In A Gentleman’s Guide To Love and Murder, the filthy-rich bluebloods are dropping like flies. Mainly because Monty Navaro, a distant and disinherited D’Ysquith living in penury, is knocking them off, one after another, all the family members who stand between him and becoming the ninth Earl of Highhurst.

The determined Monty has a long line of heirs to dispatch en route to the title. And here’s a big part of the fun of the zany, effervescent Tony-winning 2013 Broadway musical adapted from the same 1907 novel (Roy Horniman’s Israel Rank: The Autobiography of a Criminal) that inspired the 1949 Alec Guinness film Kind Hearts and Coronets: all the doomed D’Ysquiths, every age and gender, are played by one extremely busy actor.

Ron Pederson in A Gentleman’s Guide to Love and Murder, Grindstone Theatre. Photo by Adam Goudreau

In Byron Martin’s production, he’s actor/playwright/improv comedy star Ron Pederson. He’s back in his home town from Toronto to die in creative ways, bumped off by the “very charming serial killer” played by Oscar Derkx. The latter was most recently seen by Edmonton audiences from his double-duty as Flute the bellows mender and rock band musician in A Midsummer Night’s Dream: the ‘70s musical at the Citadel,

We caught up with the murderer and his victims, happily ensconced in rehearsals for Martin’s production, the biggest yet for Grindstone with a cast of 11 and live band of seven led by musical director Simon Abbott. Both actors were lured by the unusual attractions of the musical by Robert L. Freedman (book) and Steven Lutvak (music).

Ron Pederson in A Gentleman’s Guide to Love and Murder, Grindstone Theatre. Photo by Adam Goudreau.

“It’s a BIG show, bigger than it looks on the page, chock full of music, a zillion scenes…. And I’m half the cast for gawd’s sake,” Pederson jokes, about his nine-character assignment, a non-pareil quick-change challenge. “The style and size of it are so fun…. There’s definitely something operetta, something English music hall, about it. A parody, yes, and an homage.”

“Huge, and it moves very quickly,” says Derkx. “I remember seeing a number at the Tonys (when A Gentleman’s Guide won four), thinking OMG, what is this show? I want to be in this show! I like musicals but don’t often have that response…. This was such high stakes, so funny, ridiculous, kind of sexy.”

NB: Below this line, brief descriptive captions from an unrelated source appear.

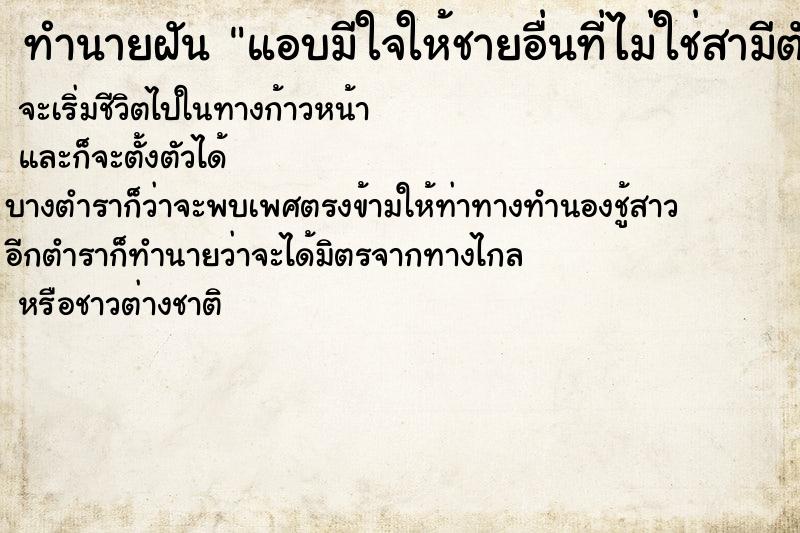 ทำนายฝันทำนายฝันแอบมีใจให้ชายอื่นที่ไม่ใช่สามีตัวเองวันวันไม่รู้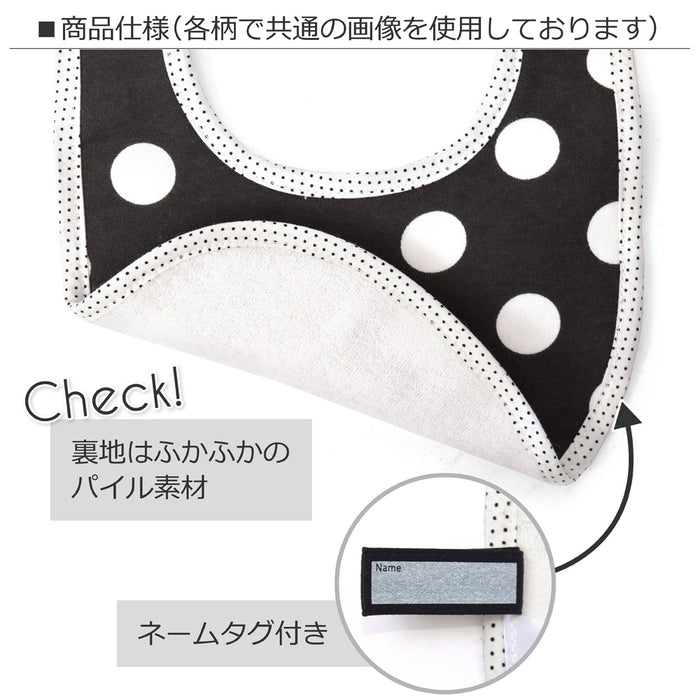 スタイ・ビブ・よだれかけ(丸型) polka dot large(black)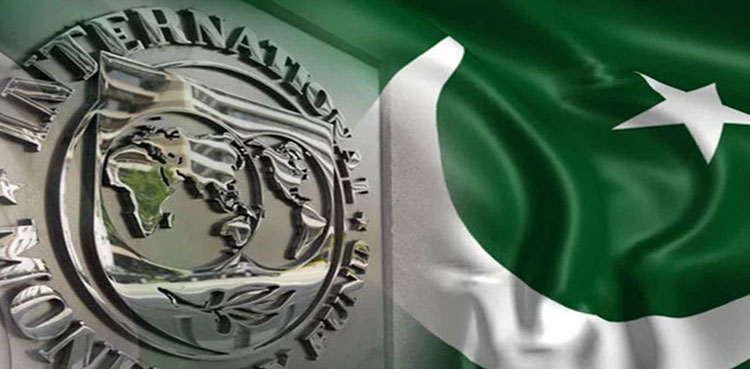 IMF asks Pakistan to revisit NFC Award with provinces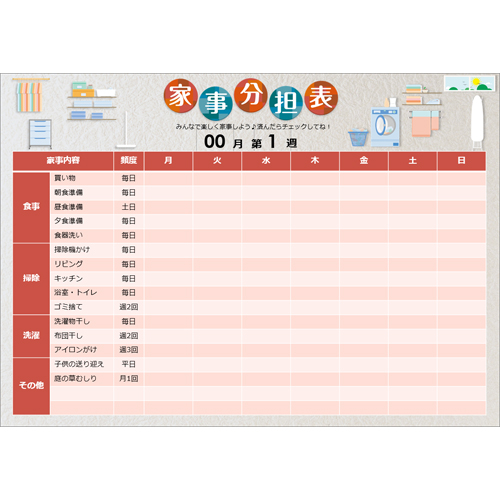 家事分担表 (かじぶんたんひょう) 画像スライド-2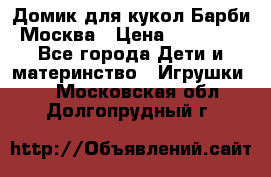 Домик для кукол Барби Москва › Цена ­ 10 000 - Все города Дети и материнство » Игрушки   . Московская обл.,Долгопрудный г.
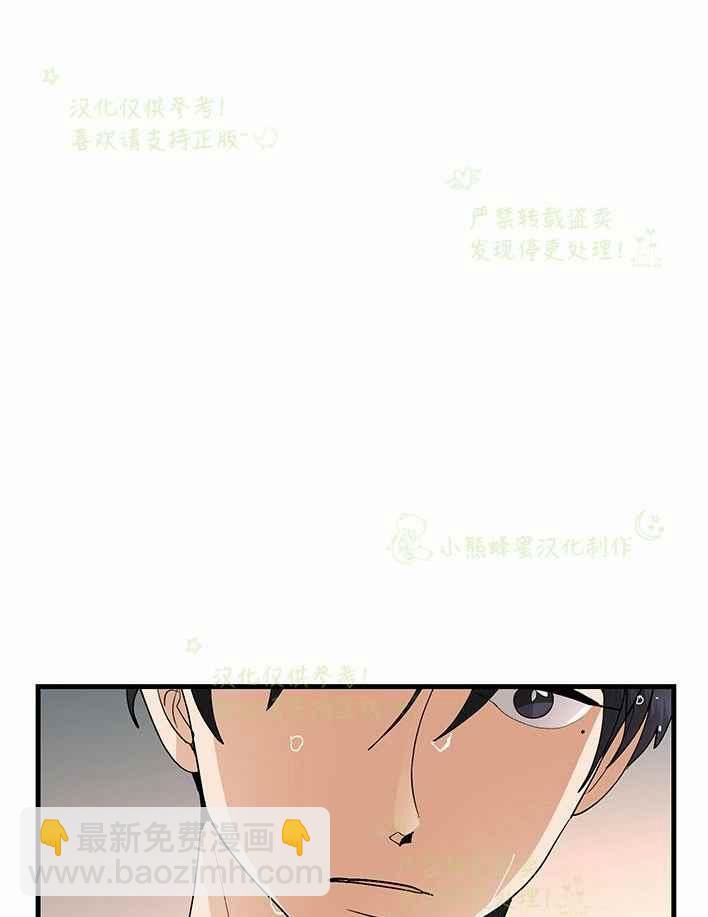 《真心心动》第29话 第44页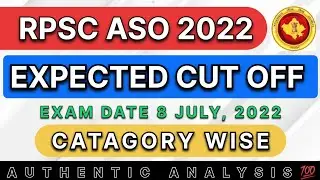 RPSC ASO- 2022 EXPECTED CUTOFF ANALYSIS || RESULT DATE ANNOUNCED || CATEGORY WISE CUTOFF || 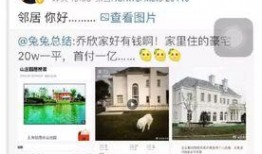 最新爆料照片大全,揭秘娱乐圈幕后真相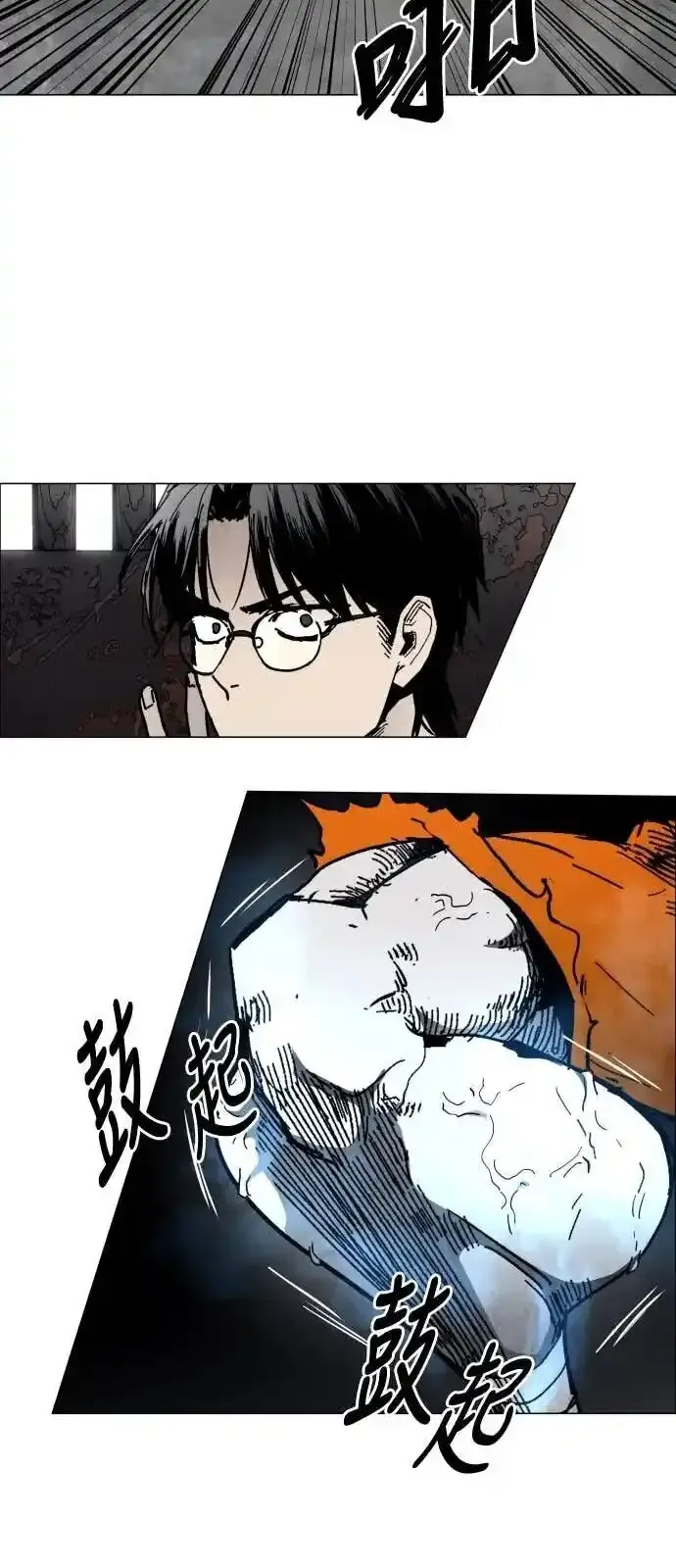 Read Fog Land PT-BR Manga Online
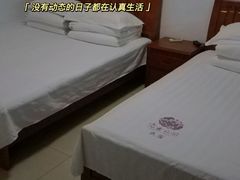 -老李客栈民宿餐厅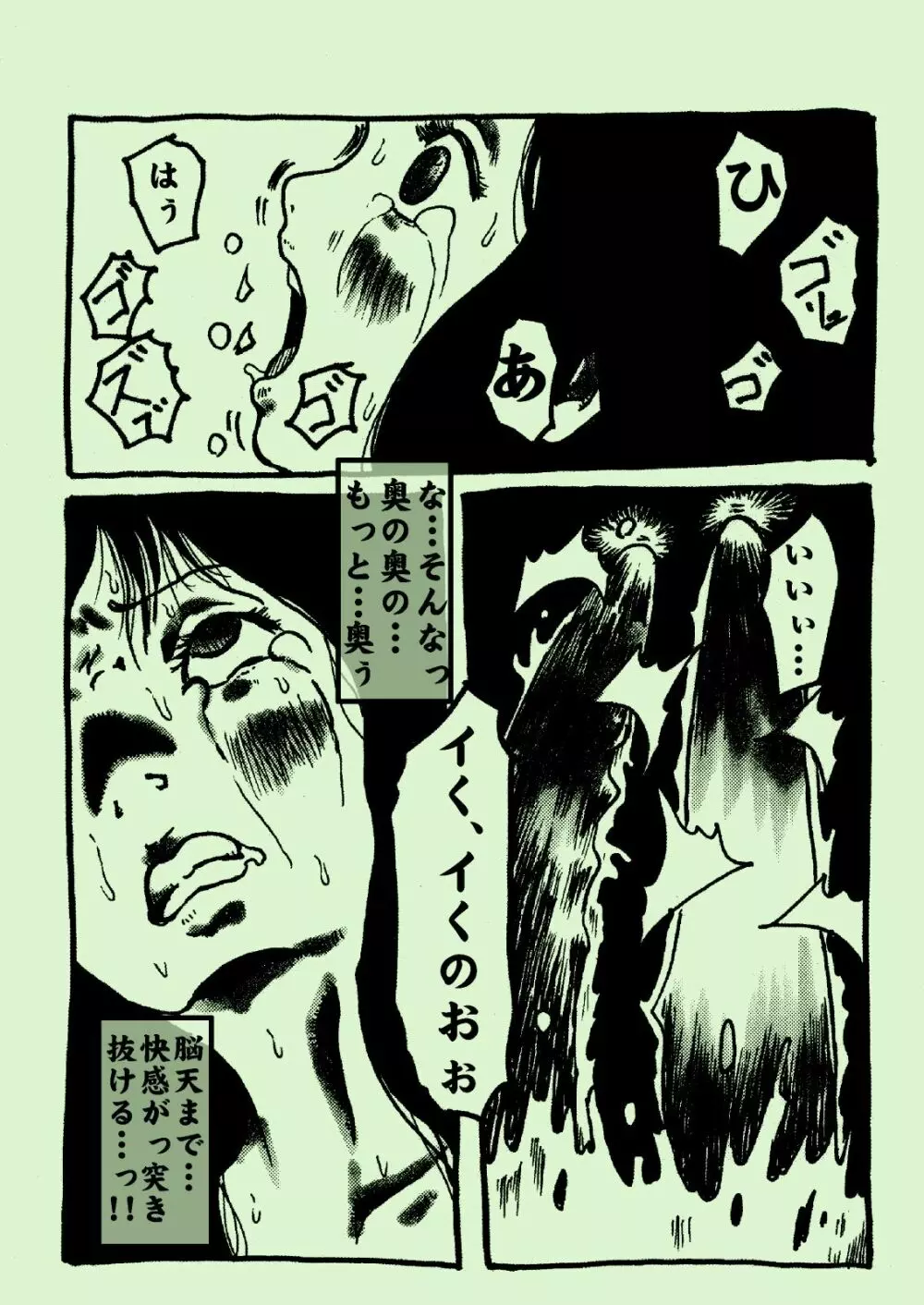 死亡果実 - page18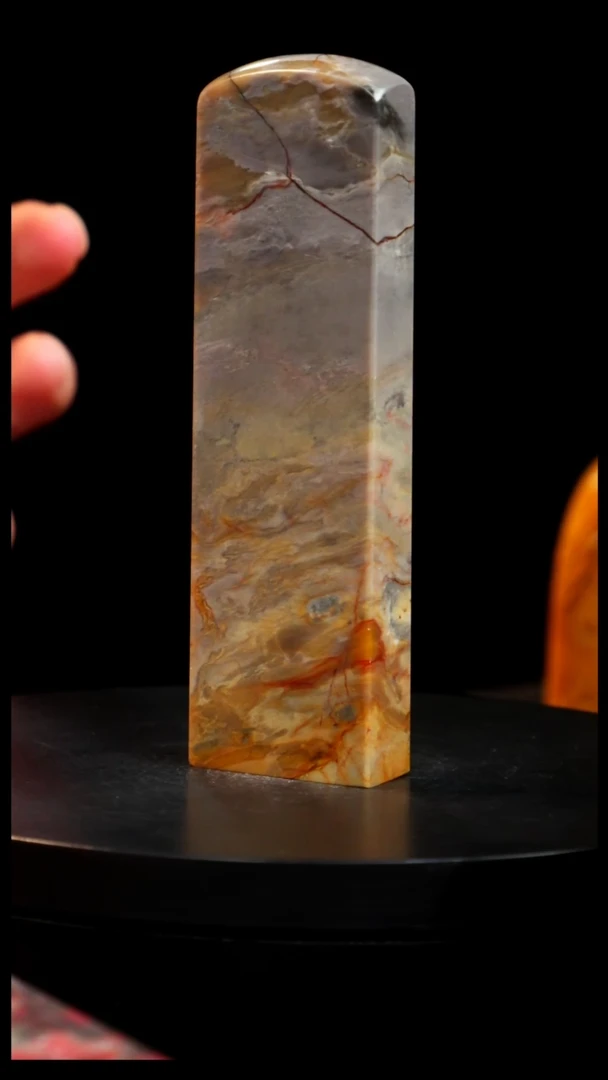 昌化石印章印章印章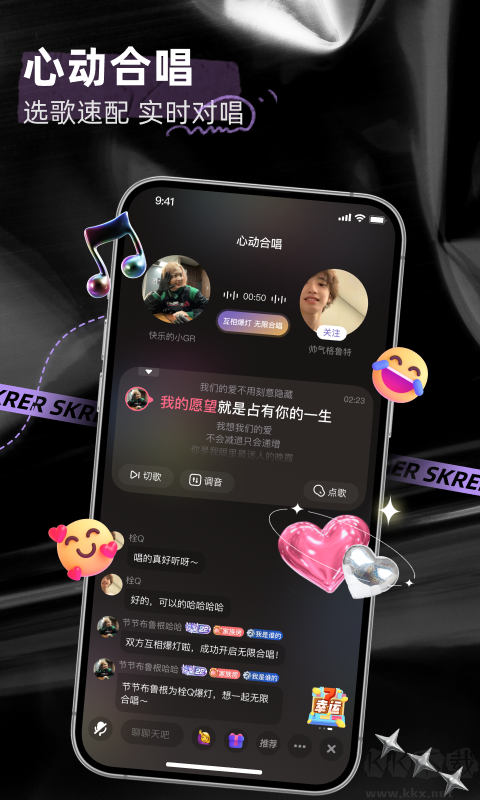 撕歌app(skr)2025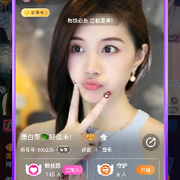 转身只为那一眼红颜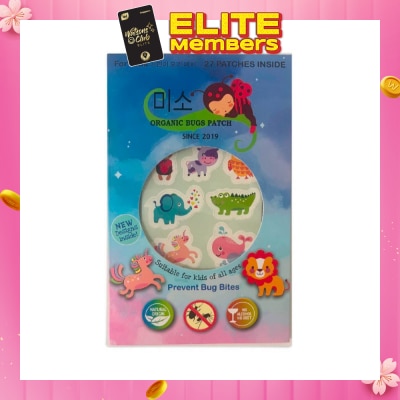 SMILE Organic Bugs Repellent Patch (Chemical Free Safe for Babies) 27s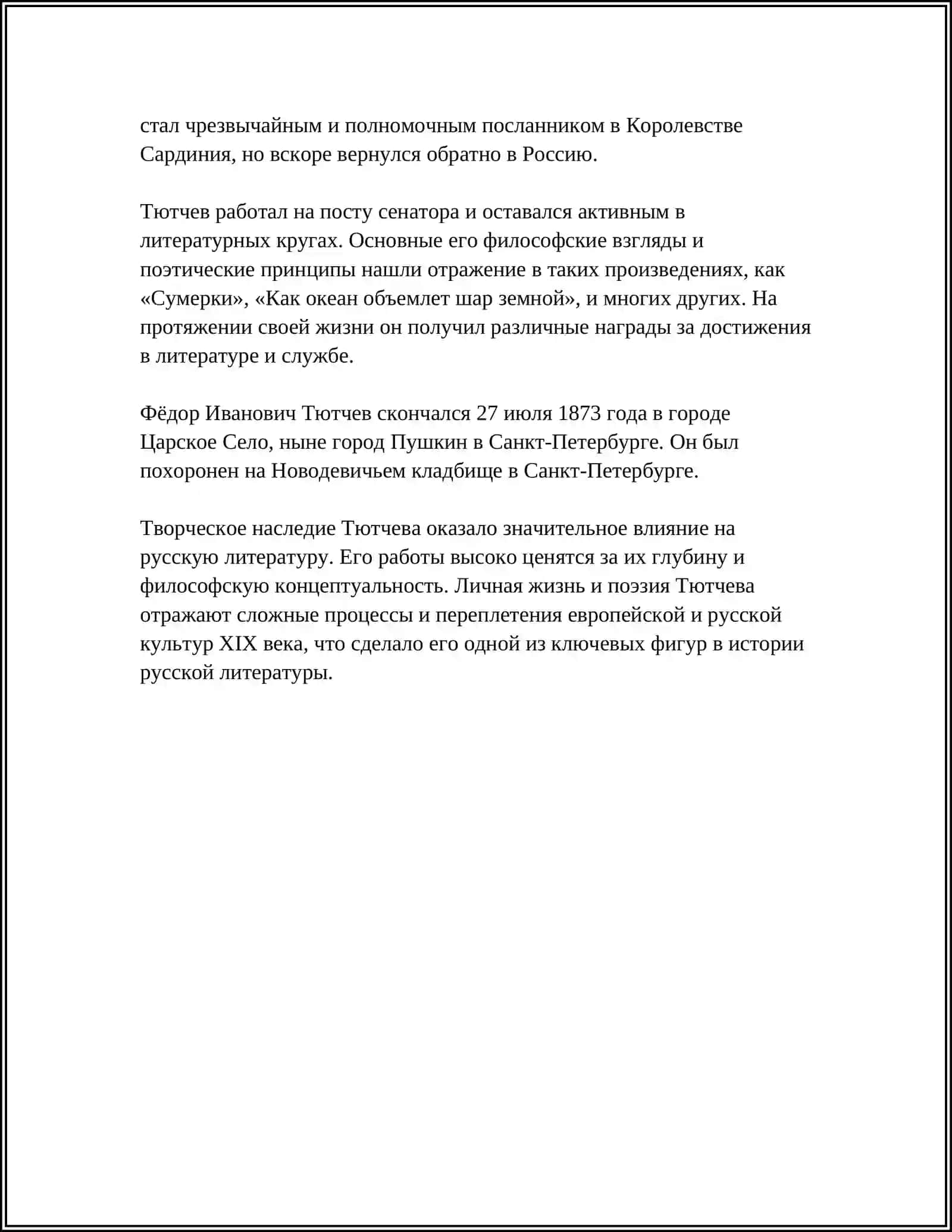 Ф.И.ТЮТЧЕВ 4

In a musical theatre landscape dominated by pop scores, A Gentleman’s Guide stands apart. And Pederson and Derkx, musical connoisseurs both, have appreciated that. “This feels so different,” says the latter. “I find it refreshing on the ear to go back to a more classical sound.”

“It references Gilbert and Sullivan, the call and response from the ensemble, with a modern flair that gives it an extra sauciness,” says Derkx. “Lots of difficult little chromatic runs and crunchy harmonies. When I’m  listening to some of the work the ensemble does in those harmony lines, it feels like they’re pulling notes out of thin air! So impressive.”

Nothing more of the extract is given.